### Brief
Copy every line from the records that holds the word "sale".

[Extracted data entries]
++++
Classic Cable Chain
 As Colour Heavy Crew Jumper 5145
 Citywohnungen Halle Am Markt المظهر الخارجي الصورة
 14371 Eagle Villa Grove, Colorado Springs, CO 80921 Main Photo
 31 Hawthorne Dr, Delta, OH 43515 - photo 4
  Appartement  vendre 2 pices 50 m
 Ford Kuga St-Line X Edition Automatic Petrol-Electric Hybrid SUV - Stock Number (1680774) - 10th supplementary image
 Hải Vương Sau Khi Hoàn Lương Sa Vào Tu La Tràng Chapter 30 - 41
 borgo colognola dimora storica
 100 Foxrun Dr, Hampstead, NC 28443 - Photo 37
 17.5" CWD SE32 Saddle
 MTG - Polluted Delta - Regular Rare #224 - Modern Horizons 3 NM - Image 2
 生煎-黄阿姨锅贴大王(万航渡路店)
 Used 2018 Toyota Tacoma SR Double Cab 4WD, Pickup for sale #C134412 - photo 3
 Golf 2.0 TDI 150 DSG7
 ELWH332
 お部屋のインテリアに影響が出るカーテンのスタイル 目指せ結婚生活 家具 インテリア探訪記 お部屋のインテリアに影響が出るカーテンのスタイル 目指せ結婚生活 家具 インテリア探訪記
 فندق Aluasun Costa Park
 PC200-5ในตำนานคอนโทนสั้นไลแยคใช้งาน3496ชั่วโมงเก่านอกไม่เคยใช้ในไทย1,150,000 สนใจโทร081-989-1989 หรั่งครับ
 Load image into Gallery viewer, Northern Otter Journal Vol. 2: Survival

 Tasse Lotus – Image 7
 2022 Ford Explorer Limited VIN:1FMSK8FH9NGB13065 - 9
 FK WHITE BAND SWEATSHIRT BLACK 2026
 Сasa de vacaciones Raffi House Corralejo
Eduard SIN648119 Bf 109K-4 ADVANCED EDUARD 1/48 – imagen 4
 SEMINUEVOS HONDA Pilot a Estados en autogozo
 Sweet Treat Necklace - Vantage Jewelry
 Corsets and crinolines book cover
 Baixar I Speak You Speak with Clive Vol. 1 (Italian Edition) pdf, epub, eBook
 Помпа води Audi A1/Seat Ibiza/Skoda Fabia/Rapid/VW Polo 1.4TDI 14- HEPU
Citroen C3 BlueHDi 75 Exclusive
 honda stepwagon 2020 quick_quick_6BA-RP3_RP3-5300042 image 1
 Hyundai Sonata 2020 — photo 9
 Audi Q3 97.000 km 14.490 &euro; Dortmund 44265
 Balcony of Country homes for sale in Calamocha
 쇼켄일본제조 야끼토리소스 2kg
++++
### Answer to the problem
 Used 2018 Toyota Tacoma SR Double Cab 4WD, Pickup for sale #C134412 - photo 3
 Balcony of Country homes for sale in Calamocha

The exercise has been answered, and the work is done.